Foy & Louisa Brown's floating home

Every May to November, they anchor their two-story home in the middle of the bay. The only way to access the floating home is via a canoe, as the house is entirely off the grid. The exterior features a large deck surrounded by potted plants and covered by the off-center roof. So many amenities fit inside tiny houses that it is hard to believe you would need anything more. The main floor holds an airy kitchen with a full-size fridge, a gas-burning stove, and a double sink. Adjacent is a four-seater round table and a futon for overnight guests. Like most small homes, the master bedroom is on the upstairs loft behind a railing made of salvaged sticks.

Foy & Louisa Brown's floating home

This quiet tiny cabin reached completion on the evening of August 2010 — the couple's wedding night. Since then, there have been some minor renovations to fix the roof and build a cradle around the structure. While the couple initially planned to rent out the tiny house, they fell in love with their home too much to share it with anyone else.

Inside tiny houses along Bestie Row

Inside tiny houses along Bestie Row

This next set of tiny houses are all about friendship. These four couples and friends of over 20 years came together and decided to build their own neighborhood — and thus, Bestie Row came into fruition. They purchased land along the Llano River which is just outside Austin, Texas, and employed the help of architect Matt Garcia.

Inside tiny houses along Bestie Row

Garcia designed four little eco-friendly homes to make their dreams come true. Each house cost approximately $40,000 to build and features one bedroom, bathroom, living room, and kitchen all within 350 square feet. Metal panels protect the exterior sides, and the butterfly roof catches rainfall to supply their water as well as irrigate the surrounding vegetation.
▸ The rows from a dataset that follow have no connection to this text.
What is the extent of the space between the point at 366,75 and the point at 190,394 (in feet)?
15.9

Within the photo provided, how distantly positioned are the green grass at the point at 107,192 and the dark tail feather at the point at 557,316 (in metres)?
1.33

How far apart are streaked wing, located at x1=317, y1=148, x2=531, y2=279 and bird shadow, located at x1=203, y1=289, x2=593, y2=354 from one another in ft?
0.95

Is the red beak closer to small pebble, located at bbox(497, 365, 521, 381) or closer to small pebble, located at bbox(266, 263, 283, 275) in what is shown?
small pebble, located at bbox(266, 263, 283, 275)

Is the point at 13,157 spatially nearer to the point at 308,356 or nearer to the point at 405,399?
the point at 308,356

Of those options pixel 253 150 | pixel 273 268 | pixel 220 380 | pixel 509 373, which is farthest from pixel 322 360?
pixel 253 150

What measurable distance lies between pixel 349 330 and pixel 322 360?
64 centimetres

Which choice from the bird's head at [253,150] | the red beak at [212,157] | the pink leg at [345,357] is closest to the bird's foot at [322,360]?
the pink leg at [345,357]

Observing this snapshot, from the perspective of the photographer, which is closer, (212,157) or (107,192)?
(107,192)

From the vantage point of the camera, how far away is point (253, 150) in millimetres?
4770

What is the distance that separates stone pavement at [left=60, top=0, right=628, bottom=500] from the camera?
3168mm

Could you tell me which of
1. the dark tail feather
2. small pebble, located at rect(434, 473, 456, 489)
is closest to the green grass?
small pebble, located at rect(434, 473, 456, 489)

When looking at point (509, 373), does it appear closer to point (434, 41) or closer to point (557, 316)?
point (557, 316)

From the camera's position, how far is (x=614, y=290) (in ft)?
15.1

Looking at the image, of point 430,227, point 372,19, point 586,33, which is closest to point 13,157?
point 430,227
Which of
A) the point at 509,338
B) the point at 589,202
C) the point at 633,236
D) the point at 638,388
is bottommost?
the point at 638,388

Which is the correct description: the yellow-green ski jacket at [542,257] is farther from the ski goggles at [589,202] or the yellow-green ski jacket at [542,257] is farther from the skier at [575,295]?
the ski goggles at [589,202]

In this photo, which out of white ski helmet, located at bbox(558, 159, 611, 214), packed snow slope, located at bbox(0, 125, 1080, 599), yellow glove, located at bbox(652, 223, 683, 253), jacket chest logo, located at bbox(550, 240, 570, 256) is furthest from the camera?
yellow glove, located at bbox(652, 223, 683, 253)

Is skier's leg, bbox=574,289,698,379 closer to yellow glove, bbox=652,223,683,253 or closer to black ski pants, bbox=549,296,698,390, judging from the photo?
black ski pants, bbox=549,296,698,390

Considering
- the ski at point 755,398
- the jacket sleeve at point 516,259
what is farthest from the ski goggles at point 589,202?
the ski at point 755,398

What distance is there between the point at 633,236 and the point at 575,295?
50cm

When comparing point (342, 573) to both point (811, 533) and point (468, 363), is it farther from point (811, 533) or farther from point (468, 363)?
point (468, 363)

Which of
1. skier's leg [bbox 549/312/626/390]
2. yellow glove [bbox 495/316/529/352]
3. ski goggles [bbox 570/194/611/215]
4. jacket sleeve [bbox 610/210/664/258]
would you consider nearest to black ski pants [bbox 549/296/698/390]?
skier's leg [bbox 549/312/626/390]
Inside tiny houses along Bestie Row

Using inexpensive materials was key to ensuring the project stayed on budget. Concrete lines the floors while bare, unpainted plywood became walls. But just because furniture is minimalist inside tiny houses doesn't mean they are disorganized. These homes have plenty of storage space thanks to built-in cubbies in the bedroom/office area as well as the bathroom. Garcia also built a 1,500 square foot common building so all the friends can gather for group meals and get-togethers. We really can't think of a better retirement plan than surrounding yourself with gorgeous views and great people.

Carriage House by Christi Azevedo

Carriage House by Christi Azevedo

When someone thinks of tiny houses, the first type that comes into mind is mobile homes. The second kind of small home is probably a little box in the sky in a metropolitan area filled with the constant hustle and bustle of city life. The Carriage House is neither of those things. Built in 1908, the Oakland carriage house was falling apart when Azevedo was asked to create a livable space. The result is a quaint little house that anyone would be happy to call home.
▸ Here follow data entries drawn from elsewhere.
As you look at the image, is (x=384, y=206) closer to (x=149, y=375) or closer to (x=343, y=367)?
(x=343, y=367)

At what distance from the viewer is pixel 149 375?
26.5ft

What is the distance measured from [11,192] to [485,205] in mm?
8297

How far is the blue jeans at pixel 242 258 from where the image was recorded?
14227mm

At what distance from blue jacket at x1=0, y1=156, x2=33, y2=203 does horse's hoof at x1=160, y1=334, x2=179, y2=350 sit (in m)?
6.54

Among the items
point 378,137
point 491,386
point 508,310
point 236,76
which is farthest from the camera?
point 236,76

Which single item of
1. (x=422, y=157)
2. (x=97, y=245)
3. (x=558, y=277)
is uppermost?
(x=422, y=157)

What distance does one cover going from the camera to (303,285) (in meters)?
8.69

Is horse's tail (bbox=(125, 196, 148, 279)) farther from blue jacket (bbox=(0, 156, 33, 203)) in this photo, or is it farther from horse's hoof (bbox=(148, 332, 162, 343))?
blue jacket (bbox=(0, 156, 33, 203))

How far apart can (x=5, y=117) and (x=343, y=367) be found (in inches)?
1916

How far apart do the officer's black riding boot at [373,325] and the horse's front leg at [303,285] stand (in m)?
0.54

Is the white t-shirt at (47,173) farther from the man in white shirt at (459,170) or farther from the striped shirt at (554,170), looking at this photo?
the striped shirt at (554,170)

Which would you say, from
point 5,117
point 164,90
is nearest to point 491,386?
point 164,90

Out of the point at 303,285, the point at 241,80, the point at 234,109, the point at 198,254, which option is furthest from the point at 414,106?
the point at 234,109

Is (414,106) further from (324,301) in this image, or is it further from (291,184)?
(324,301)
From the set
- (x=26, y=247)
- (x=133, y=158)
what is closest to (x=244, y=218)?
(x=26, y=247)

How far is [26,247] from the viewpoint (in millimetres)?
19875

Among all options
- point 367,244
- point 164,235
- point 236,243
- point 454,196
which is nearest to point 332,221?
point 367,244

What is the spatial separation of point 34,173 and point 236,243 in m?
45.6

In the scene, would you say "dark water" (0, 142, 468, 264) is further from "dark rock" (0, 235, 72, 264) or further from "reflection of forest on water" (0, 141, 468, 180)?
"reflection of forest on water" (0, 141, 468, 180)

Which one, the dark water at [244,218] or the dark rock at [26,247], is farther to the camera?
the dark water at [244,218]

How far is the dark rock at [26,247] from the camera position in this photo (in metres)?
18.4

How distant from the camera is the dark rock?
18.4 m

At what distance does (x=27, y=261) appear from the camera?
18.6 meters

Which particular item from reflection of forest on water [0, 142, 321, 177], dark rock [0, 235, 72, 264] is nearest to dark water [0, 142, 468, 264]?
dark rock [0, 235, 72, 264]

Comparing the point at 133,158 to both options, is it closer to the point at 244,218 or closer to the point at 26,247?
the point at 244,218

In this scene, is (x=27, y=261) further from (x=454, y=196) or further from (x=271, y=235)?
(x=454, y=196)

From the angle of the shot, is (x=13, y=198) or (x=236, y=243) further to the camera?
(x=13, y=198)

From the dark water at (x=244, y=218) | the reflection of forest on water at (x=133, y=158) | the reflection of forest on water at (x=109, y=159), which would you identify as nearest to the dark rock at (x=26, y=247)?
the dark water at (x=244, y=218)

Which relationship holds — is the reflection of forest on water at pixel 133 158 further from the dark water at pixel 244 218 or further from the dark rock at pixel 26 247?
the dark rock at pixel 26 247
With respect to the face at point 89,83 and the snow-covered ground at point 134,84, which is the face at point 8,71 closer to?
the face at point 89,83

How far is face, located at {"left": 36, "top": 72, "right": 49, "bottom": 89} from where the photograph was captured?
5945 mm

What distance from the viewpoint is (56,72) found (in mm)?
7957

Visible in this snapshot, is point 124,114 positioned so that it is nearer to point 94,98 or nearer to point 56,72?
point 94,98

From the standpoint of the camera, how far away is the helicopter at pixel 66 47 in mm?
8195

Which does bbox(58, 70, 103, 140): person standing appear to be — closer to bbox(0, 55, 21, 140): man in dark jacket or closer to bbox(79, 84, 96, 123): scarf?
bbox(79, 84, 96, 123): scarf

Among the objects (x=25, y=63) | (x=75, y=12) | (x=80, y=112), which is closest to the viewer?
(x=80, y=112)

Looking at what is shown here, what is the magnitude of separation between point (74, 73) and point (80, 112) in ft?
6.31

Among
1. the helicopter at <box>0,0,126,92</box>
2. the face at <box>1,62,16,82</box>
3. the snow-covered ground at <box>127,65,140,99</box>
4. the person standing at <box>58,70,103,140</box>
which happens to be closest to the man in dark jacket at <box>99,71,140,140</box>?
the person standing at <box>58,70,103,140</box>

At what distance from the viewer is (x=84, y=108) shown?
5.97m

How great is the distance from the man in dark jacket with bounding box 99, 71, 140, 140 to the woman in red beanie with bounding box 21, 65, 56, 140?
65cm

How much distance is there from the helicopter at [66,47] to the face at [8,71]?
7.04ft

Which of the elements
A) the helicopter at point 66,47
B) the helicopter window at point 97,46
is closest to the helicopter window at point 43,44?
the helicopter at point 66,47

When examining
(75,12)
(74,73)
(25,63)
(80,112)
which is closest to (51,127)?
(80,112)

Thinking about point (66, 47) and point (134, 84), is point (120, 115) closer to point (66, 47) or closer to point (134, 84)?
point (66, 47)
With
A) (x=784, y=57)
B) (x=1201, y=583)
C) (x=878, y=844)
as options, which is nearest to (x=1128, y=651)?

Carriage House by Christi Azevedo

As you walk inside tiny houses, you may notice designers keep their floor plan mostly open. An open concept plan takes advantage of as much space as possible. Instead of walls, Azevedo has used furniture as a means to separate room functions. Just past the entrance is a corner of frosted glass which makes up the stand-up shower. The small kitchen flows into the dining room to create a cozy eating corner. A few steps after the table is a living room with lots of storage space thanks to half a dozen wooden pull-out boxes. When its time to sleep, you have a choice of the cozy couch or a comfortable bed in the corner of the flat.
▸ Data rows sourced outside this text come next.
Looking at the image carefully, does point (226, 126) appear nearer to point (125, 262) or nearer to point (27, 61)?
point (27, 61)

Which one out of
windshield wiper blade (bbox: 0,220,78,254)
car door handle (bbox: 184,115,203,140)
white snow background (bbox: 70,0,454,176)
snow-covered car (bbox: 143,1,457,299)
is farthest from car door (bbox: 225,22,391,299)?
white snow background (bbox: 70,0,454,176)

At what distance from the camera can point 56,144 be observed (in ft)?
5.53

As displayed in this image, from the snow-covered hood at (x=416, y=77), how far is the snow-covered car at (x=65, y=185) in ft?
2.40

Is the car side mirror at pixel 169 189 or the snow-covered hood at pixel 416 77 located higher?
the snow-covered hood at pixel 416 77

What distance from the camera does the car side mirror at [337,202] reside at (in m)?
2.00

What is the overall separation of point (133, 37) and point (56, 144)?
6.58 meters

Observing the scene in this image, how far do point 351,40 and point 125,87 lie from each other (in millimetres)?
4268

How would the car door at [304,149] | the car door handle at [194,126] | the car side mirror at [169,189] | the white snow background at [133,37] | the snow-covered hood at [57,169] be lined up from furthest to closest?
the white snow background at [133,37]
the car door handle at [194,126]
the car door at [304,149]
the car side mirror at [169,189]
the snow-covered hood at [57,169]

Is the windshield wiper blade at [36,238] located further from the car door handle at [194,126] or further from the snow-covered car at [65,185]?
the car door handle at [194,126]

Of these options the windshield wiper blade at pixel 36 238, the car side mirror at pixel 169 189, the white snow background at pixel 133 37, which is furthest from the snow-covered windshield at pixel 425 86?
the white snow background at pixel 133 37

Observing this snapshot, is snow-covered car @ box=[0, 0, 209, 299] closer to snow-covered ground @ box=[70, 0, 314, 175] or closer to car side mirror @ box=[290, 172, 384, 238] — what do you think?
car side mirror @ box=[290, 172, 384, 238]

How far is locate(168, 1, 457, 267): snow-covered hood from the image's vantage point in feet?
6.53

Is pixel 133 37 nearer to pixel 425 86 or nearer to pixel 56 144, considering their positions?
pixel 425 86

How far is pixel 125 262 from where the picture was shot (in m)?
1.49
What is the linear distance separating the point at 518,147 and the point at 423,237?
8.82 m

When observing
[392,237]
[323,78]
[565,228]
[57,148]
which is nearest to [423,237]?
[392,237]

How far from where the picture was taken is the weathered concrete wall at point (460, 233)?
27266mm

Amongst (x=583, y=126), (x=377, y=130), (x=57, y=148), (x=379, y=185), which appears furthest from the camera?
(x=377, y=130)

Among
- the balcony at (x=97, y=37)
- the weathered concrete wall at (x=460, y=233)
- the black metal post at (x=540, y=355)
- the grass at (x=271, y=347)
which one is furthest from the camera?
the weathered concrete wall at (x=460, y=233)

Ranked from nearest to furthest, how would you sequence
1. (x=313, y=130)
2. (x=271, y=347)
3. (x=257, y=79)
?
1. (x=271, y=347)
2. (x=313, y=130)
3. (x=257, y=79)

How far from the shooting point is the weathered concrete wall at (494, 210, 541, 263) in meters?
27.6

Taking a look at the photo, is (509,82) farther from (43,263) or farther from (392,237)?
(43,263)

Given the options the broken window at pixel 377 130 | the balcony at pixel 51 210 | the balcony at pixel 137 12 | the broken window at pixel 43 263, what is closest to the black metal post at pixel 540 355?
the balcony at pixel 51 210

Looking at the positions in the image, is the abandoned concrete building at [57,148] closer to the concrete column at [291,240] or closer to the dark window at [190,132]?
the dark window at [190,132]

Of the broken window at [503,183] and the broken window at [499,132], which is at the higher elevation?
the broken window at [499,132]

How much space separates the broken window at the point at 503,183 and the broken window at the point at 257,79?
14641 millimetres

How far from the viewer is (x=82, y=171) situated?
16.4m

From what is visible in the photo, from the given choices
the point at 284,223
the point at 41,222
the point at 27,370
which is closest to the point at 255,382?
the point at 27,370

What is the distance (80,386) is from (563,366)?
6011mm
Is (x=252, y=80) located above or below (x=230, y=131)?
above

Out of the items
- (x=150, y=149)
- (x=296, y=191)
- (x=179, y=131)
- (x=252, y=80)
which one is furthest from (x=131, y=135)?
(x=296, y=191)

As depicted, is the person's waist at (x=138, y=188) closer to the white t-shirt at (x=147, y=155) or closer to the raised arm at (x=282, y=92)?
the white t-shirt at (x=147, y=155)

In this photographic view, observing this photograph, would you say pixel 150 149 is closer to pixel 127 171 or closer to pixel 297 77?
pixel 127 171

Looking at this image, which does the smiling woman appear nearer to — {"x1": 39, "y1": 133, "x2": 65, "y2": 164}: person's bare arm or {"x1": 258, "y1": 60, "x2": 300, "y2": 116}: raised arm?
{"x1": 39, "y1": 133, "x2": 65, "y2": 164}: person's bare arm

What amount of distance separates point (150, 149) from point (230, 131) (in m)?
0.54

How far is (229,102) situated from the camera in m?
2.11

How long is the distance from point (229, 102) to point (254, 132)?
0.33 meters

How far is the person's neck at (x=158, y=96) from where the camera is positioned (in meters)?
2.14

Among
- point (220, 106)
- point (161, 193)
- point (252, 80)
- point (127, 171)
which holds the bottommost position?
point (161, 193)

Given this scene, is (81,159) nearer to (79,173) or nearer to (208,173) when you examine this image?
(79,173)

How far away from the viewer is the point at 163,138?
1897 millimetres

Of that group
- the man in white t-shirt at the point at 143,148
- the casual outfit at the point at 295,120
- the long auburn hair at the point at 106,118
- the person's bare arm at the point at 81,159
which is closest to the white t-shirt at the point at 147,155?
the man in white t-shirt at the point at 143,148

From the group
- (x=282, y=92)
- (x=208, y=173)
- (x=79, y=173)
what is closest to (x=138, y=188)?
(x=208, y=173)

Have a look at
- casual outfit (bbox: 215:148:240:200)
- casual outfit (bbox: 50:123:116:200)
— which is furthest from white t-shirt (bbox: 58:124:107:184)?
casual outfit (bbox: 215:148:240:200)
Carriage House by Christi Azevedo

Despite having little to no natural night due to a lack of windows, the space still feels open thanks to the use of white walls. The white siding also provides some much-needed texture to an otherwise uninspiring area.

Final Thoughts

From conception to completion, creating a tiny house to call home is no easy feat. Between finding the right designer and sourcing the correct materials to build your dream space, it takes a lot of work and perseverance. When you look inside tiny houses, you see that they are filled with the furniture pieces to go about your daily life and the people you want to spend it with the most. But even if the process is arduous, what you'll create are memories that will last a lifetime.